那孩子边跑边回头朝着福润笑,“我才不站住,我又不傻!”一口的大白牙,闪的福润眼睛都疼。
福润脚上穿着粉底儿绣花鞋,小小的脚跑的飞快,誓要追上前面的小贼,眼见着要出了云岫庵的地界儿了,那小贼停了脚步,“你别再追了,你长得这样圆滚滚的,有的是人喜欢,你再跑,就要被拍花子的拍走了。”

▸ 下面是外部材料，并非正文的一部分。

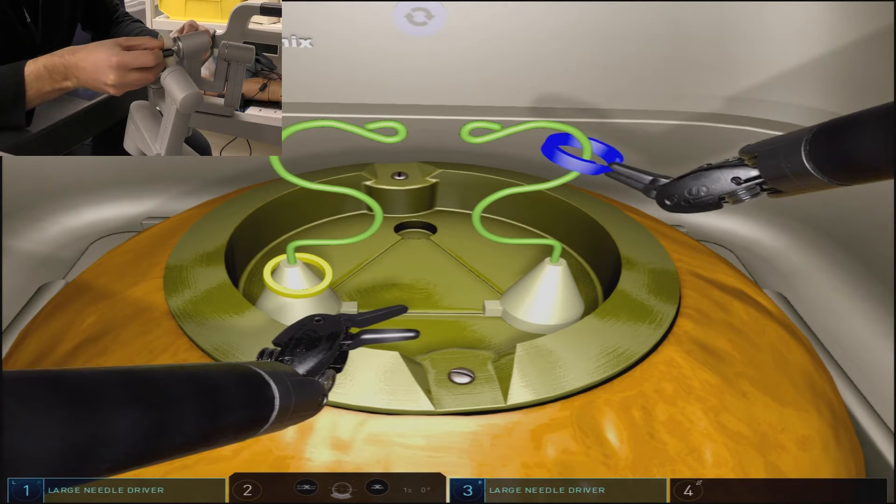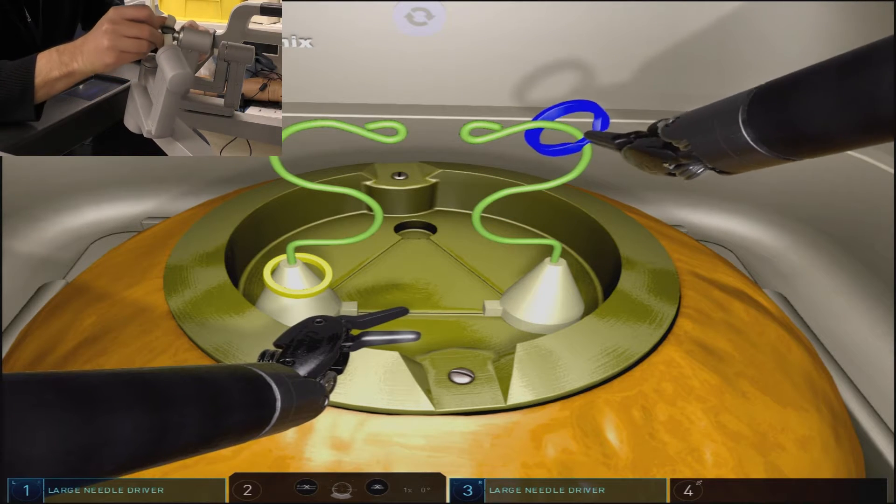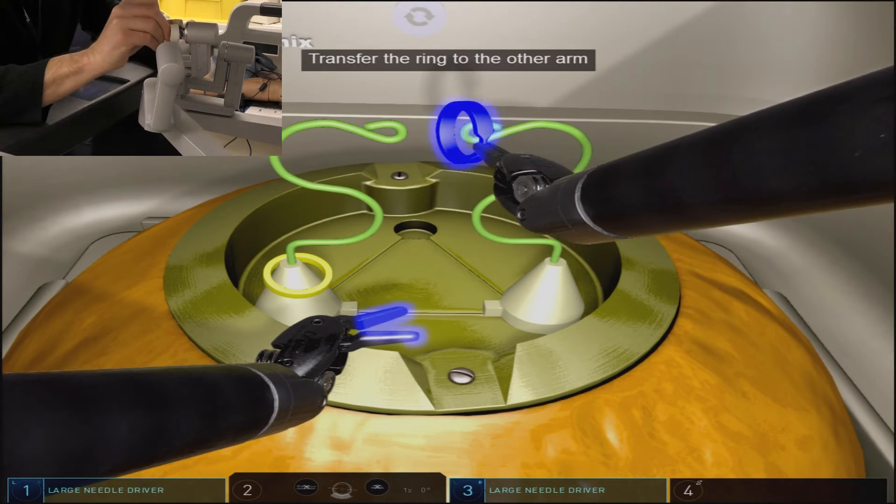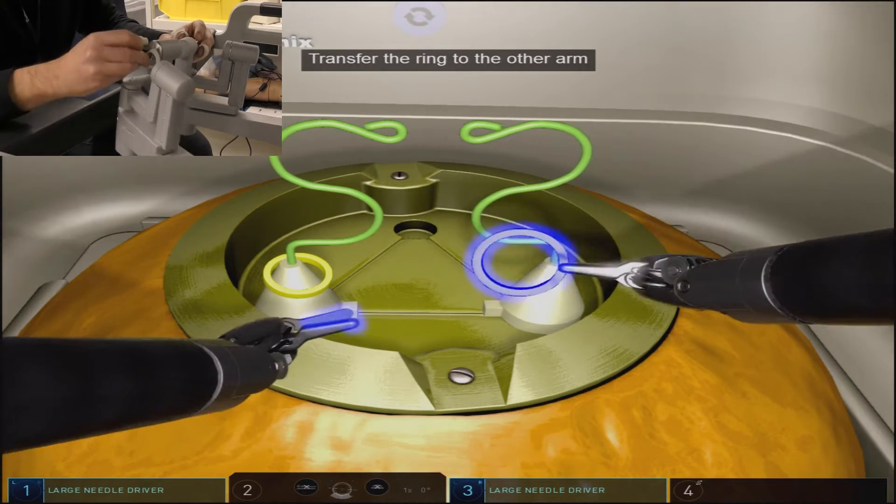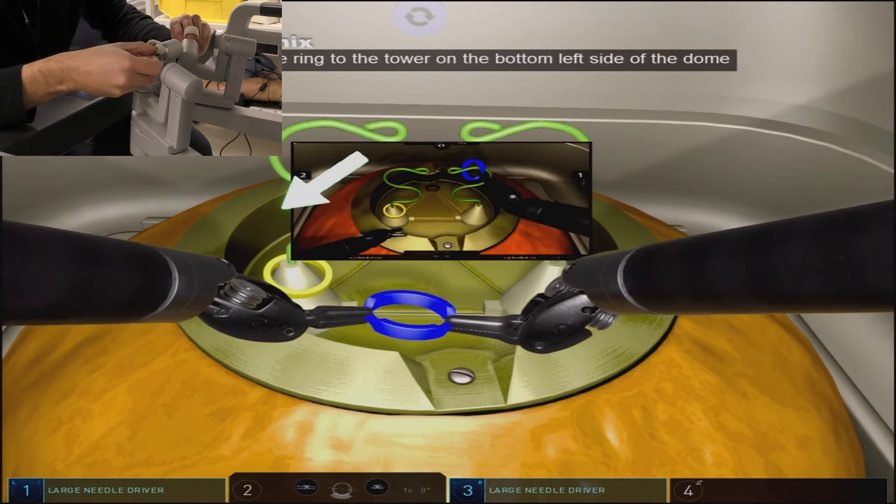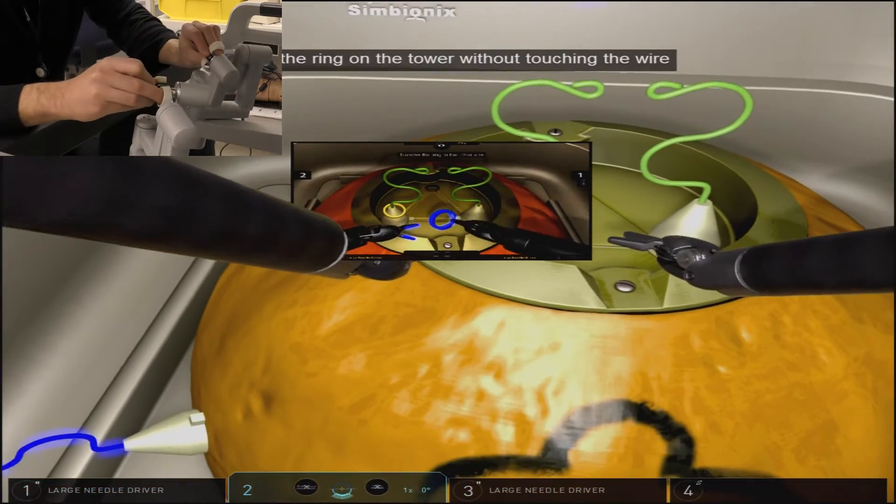By grabbing the ring in the supinated position, this allows you to use the range of motion and wrist articulation to navigate the wire structure.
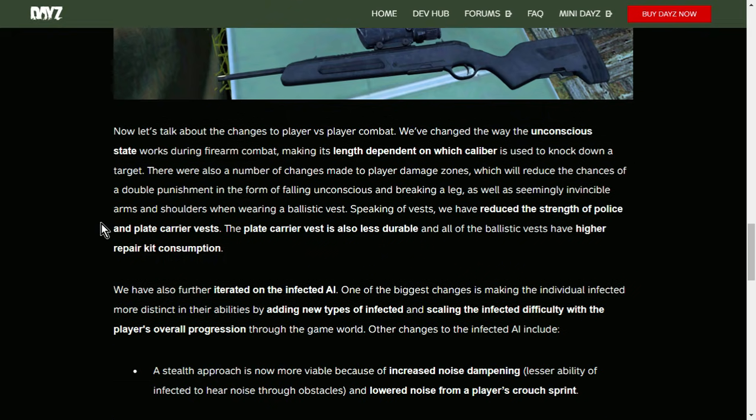Now, let's talk about the changes to player versus player combat. We've changed the way the unconscious state works during firearm combat, making its length dependent on which caliber is used to knock down a target. There were also a number of changes made to player damage zones, which will reduce the chances of a double punishment in the form of falling unconscious and breaking a leg, as well as seemingly invincible arms and shoulders when wearing a ballistic vest. Speaking of vests, we have reduced the strength of police and plate carrier vests.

“你还苦口婆心的劝起我来了,要不是为了抓你,我能跑出这么远来?赶紧的跟我回去,不把给我弄坏的东西清算明白,你就别想走!”福润双手拄着膝盖,大口的喘气儿,看离着云岫庵着实远了,也有些慌了。
四周寂静的很,除了蝉鸣,连蛙叫都没有,田里种的是谷子,风吹过去,唰唰唰的响,“赶紧的,愣着干什么,回去啊!”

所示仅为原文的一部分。